Data provided:
========================================

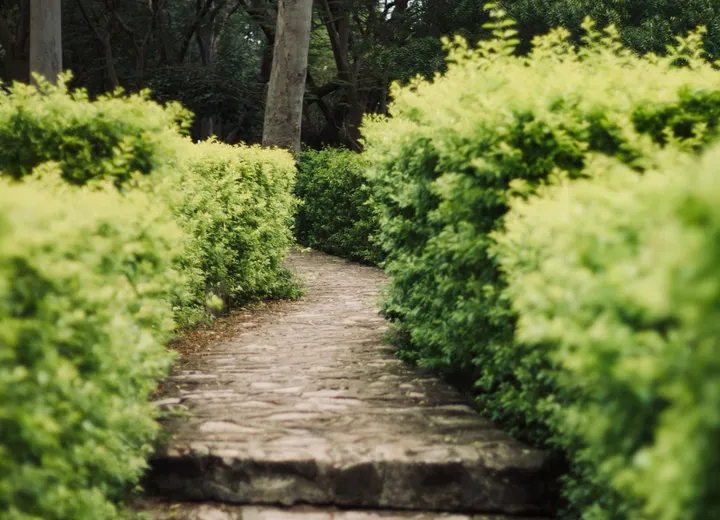 Stone garden path bordered by green shrubs and mature trees, used as general landscape atmosphere.
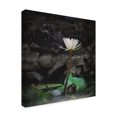 thumbnail image 2 of Trademark Fine Art 'Proud White Lotus' Canvas Art by Christine Sainte-Laudy, 2 of 3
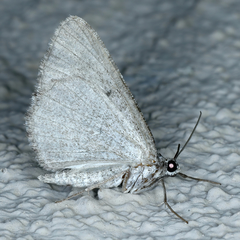 Psilosticha absorpta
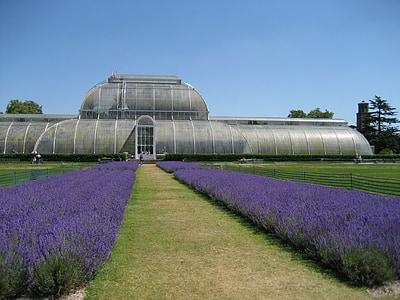 zahrady v Kew, levandule, Londýn, Anglie, Příroda, parku, tráva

========================================

Task instructions: Starting at the line that holds "Psilosticha absorpta", copy each line exactly through the end of the listing, both ends included. Leave the pictures out.

Response to this task:
 Psilosticha absorpta
 zahrady v Kew, levandule, Londýn, Anglie, Příroda, parku, tráva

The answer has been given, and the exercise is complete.